Mali

Note produite par l’Association pour la Promotion de l’Evaluation au Mali - APEM (2017)


Introduction

Contrairement à ce que l’on peut voir dans d’autres pays de l’espace francophone, il n’existe pas d’article ou de clause générale relative à l’évaluation des politiques publiques dans la Constitution malienne.

Au Mali, les évaluations se font de façon éparse et non systématique et cela malgré l’existence de la fonction d’évaluation de politiques publiques parmi les missions principales de certaines structures et institutions du pays. Rarement les politiques publiques sont-elles évaluées. Toutefois sous l’impulsion des bailleurs de fonds, certains programmes sont régulièrement évalués dans des domaines comme l’éducation, la santé, le développement rural et les finances publiques.

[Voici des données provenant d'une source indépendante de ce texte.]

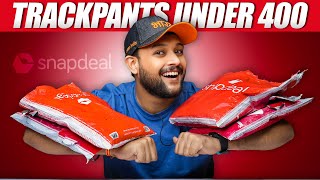 BEST BUDGET TRACK PANTSJOGGERS FOR SUMMERGYM UNDER 400 on SNAPDEAL 🔥 Men Haul Review 2023 [upl. by Cirdec]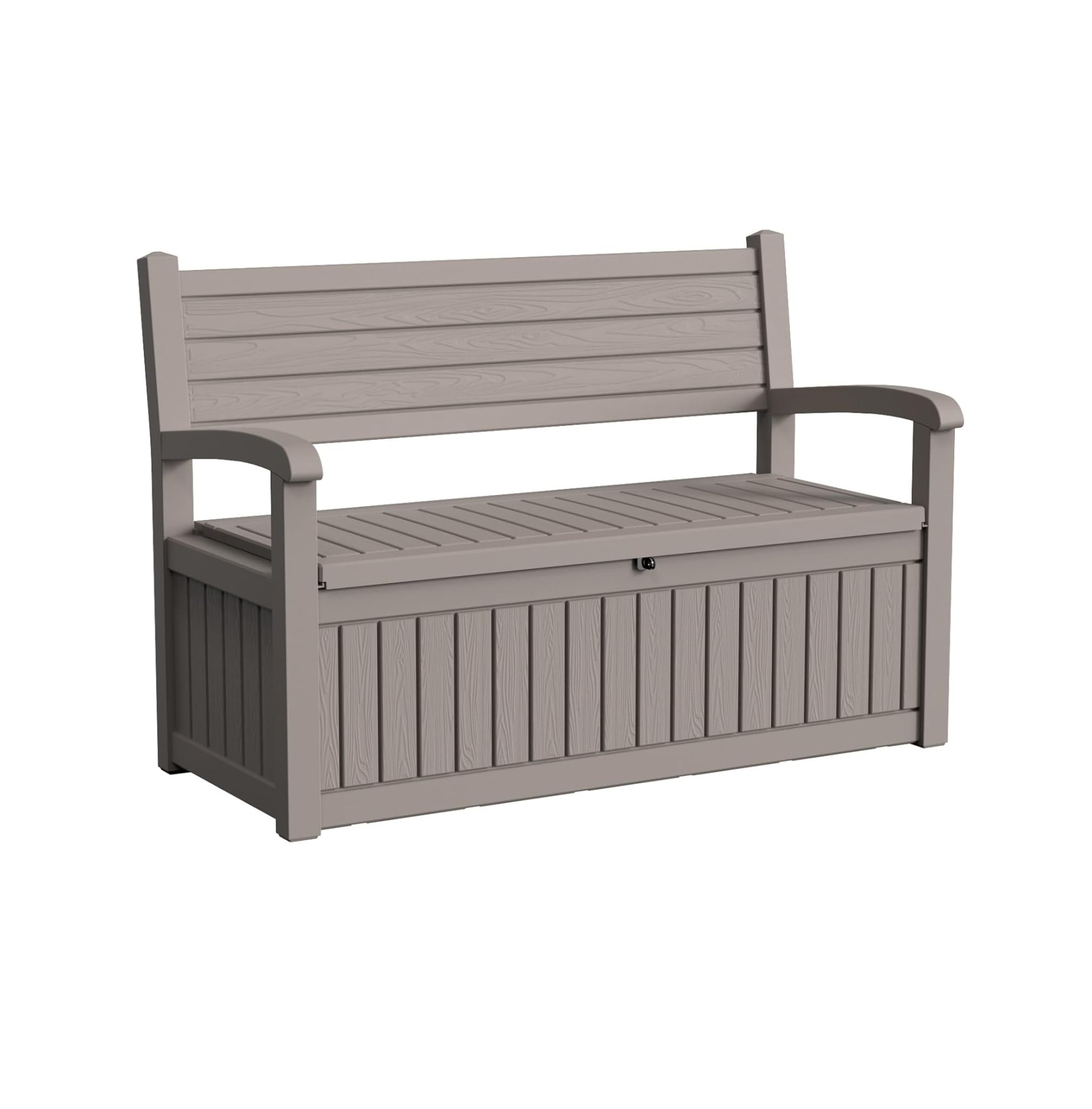 80 Gallon Outdoor Storage Bench Deck Box Waterproof Lockable, Outdoor Storage Furniture for Patio, Garden and Porch, Tools and Cushions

L’exemple de l’outil MENOR (Monitoring Externe National Orienté vers les Résultats) dans le secteur du développement rural est à cet effet très caractéristique de même que la Cellule Technique du Cadre Stratégique de Lutte contre la Pauvreté et la Direction Nationale de la Planification du Développement qui procèdent également à des revues annuelles (revues sectorielles, de projets et programmes, etc.).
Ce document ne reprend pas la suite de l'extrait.